Short descriptive text snippets
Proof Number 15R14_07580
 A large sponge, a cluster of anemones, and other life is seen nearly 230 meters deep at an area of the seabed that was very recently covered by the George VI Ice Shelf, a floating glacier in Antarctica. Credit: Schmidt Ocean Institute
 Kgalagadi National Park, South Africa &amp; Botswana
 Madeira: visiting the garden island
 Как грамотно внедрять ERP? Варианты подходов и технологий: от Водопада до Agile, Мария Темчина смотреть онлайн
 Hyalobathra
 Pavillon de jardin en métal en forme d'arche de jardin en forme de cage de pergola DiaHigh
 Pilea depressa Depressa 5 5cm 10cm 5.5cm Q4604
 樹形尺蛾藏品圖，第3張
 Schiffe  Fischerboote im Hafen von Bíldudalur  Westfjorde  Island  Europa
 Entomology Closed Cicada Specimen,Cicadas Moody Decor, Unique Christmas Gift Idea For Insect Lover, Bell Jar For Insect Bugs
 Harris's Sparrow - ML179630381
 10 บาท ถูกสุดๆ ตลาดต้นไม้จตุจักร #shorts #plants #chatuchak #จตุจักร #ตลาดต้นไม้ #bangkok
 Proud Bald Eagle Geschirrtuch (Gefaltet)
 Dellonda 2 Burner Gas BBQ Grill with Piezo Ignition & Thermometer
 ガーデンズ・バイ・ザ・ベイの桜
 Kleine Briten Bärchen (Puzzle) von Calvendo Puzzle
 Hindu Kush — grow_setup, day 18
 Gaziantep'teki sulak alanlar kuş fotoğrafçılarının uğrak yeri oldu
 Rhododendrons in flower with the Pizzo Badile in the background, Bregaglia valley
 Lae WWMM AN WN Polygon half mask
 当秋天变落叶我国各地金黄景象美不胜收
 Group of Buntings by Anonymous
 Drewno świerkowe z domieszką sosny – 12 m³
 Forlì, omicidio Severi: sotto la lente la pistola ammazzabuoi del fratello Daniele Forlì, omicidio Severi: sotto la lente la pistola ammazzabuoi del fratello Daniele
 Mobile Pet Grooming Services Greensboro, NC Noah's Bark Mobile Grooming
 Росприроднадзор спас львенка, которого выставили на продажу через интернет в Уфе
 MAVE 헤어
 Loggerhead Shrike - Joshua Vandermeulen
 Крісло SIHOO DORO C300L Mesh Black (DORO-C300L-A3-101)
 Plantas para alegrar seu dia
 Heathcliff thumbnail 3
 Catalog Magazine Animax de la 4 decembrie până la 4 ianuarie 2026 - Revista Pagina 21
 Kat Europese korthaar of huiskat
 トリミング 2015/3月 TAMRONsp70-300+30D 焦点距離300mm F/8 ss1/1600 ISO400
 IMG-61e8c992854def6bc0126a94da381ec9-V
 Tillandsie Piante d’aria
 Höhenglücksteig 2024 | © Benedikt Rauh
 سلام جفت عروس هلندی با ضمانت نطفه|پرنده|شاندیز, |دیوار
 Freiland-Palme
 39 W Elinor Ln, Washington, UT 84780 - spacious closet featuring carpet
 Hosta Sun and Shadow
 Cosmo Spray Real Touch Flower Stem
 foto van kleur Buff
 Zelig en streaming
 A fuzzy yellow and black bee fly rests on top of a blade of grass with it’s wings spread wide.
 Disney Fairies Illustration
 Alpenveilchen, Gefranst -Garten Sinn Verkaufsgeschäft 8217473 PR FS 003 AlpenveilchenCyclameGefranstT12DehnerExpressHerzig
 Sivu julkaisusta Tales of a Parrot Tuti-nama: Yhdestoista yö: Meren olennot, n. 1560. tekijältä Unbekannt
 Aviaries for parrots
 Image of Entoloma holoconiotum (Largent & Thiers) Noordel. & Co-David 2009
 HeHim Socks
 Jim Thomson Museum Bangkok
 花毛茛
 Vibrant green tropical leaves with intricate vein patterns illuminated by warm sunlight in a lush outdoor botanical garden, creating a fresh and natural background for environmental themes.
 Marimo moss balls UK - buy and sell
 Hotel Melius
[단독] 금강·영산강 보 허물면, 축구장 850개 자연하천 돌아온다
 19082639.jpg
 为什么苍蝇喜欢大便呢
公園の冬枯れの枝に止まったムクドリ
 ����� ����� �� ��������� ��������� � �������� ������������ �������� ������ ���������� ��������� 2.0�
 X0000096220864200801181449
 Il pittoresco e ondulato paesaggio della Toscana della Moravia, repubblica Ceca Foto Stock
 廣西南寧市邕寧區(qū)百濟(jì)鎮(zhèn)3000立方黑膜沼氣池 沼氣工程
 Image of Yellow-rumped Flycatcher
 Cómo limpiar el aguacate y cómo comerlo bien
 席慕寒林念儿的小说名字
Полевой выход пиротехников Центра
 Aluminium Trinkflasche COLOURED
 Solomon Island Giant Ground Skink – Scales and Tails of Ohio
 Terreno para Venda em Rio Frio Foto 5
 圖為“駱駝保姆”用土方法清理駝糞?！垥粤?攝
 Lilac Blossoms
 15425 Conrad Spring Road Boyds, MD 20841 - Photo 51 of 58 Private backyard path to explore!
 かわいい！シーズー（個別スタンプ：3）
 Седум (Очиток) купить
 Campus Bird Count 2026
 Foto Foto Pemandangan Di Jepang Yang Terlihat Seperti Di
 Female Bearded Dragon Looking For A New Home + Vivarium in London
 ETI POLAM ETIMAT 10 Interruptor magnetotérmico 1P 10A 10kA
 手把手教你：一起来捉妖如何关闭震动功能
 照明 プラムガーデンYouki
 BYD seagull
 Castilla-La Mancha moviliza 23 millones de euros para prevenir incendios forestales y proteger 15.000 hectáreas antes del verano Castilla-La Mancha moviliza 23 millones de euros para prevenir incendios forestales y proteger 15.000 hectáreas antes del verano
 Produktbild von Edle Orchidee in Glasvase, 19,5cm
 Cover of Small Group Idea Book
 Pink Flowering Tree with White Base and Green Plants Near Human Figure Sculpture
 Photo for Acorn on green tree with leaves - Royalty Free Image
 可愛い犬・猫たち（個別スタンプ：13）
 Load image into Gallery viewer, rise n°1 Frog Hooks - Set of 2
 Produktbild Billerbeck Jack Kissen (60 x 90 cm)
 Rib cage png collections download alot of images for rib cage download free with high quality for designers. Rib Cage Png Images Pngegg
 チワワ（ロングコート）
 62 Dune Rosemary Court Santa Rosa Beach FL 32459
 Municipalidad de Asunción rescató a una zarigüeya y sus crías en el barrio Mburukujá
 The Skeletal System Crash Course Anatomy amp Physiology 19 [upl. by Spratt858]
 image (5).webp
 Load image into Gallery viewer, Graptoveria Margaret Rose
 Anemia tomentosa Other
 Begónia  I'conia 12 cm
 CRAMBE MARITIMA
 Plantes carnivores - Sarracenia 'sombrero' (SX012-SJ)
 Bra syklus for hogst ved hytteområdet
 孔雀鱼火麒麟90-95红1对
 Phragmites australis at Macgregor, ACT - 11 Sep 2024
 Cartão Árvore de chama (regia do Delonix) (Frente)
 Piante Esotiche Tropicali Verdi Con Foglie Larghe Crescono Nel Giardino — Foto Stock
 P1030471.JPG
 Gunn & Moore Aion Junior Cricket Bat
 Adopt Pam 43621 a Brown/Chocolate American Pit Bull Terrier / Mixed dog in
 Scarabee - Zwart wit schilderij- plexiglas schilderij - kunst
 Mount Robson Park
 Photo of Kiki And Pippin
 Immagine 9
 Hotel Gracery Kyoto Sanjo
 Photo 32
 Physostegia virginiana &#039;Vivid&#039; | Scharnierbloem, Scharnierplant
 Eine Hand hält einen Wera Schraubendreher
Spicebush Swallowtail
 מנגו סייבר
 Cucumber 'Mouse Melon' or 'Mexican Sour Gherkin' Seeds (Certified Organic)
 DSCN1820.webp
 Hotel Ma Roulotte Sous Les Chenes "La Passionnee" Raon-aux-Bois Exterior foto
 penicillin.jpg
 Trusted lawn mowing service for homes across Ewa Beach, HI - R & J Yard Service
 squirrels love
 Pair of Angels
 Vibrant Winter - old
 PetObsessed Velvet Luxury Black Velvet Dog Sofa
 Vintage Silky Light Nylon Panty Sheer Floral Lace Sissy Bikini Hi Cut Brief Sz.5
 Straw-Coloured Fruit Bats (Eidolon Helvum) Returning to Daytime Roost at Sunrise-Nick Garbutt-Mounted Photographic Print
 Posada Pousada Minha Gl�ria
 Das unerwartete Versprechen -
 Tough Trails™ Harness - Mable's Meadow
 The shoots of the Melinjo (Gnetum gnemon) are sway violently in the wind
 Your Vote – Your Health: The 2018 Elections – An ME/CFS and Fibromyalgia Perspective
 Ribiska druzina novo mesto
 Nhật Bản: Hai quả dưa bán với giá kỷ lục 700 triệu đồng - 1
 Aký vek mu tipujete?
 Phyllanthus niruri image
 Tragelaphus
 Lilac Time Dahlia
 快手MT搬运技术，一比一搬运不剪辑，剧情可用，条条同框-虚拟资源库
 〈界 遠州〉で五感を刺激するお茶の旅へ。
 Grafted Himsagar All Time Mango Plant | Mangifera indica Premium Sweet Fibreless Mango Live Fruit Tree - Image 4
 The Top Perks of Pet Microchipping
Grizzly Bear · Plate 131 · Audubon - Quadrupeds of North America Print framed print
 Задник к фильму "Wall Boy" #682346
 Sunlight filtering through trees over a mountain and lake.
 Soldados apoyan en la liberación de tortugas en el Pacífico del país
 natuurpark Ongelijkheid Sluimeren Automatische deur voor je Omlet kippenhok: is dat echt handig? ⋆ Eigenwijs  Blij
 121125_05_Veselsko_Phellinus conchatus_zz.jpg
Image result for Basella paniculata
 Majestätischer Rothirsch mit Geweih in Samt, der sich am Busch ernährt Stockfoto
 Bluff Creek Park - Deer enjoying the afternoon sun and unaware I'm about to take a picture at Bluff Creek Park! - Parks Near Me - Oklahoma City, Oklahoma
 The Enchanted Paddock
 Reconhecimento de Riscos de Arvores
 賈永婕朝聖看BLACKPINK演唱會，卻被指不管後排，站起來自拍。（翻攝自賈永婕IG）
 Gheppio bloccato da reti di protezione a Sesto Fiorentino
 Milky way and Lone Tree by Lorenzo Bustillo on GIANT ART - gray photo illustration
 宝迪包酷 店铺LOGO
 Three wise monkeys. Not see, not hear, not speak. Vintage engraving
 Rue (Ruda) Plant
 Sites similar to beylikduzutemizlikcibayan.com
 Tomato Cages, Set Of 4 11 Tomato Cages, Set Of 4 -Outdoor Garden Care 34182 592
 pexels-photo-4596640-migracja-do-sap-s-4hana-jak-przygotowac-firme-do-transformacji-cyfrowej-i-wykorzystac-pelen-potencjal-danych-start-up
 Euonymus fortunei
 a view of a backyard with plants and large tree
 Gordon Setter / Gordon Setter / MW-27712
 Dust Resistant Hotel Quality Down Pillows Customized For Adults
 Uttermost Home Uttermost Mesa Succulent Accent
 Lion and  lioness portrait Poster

◆ WORK REQUEST ◆
Search the records for the word "background" and copy out every line that holds it.

◆ RESULT BELOW ◆
 Rhododendrons in flower with the Pizzo Badile in the background, Bregaglia valley
 Vibrant green tropical leaves with intricate vein patterns illuminated by warm sunlight in a lush outdoor botanical garden, creating a fresh and natural background for environmental themes.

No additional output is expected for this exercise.